Our new toilet is 3.5 inches taller than the toilet it replaced, and I am thankful. If you don’t understand my gratitude for a tall toilet, your knees don’t creak and complain.
We recently wrestled our king-size, pillow-top mattress into a basement bedroom — where it will reside until hell freezes over — and replaced it with a memory-foam version that conforms to a body’s bones and bumps. The mattress became a small blessing on the day I discovered that fitted sheets actually fit it. I used to stretch and strain — exhausting my flexibility, patience and vocabulary — as I forced a sheet around the four corners of our over-stuffed mattress. Then, as we slept, the sheet corners slithered off until we slept on a mass of wrinkles.

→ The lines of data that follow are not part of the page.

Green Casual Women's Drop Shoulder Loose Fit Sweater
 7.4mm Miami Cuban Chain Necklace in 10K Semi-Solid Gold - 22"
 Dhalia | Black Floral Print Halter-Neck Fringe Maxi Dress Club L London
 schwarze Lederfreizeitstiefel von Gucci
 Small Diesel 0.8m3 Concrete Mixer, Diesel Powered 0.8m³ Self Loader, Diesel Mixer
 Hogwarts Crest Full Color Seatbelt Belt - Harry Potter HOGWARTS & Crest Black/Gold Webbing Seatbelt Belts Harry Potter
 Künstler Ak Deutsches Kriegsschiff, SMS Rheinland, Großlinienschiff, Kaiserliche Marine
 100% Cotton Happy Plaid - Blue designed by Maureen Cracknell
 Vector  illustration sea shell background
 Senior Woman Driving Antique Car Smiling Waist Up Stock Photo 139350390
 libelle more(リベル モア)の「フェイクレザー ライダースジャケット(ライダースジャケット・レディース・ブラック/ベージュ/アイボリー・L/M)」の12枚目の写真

I tried to solve the problem with sheet suspenders: wide bands of elastic attached to those gadgets that used to hang from girdles to hold up a lady’s hose. After clamping the fasteners to each side of the sheet’s corners, I stretched the elastic straps beneath the mattress and anticipated peaceful sleep. But the aggravation and calisthenics required to install the suspenders yielded only a night or two of wrinkle-free sleep before the elasticized bands popped off, nearly decapitating us. I’m grateful for our sleek new mattress and the peaceful sleep we enjoy on it.
I am grudgingly appreciative when Joel shocks me out of a bout of dysfunctional home decorating with the truth: “Yes, the houseplant looks good there, but I don’t like watching TV through the leaves of a bougainvillea.” “How many fancy pillows do you need to ensure eternal happiness?” “I can’t believe you bought a lamp with a squirrel base. Yes, I know the shade looks like an acorn, Janet.”
I’m also thankful doctors no longer hesitate to identify my senior citizen status as a factor in my latest ailment. Their reluctance to label me as old has vanished; and they now admit my age contributes to my dry eyes, cracked heels, and tendency to wallow when exiting an easy chair. As a result, I no longer leave a doctor’s office thinking I need to change my lifestyle, correct a bad habit, give up something or do more of another: several liberating reasons for thankfulness.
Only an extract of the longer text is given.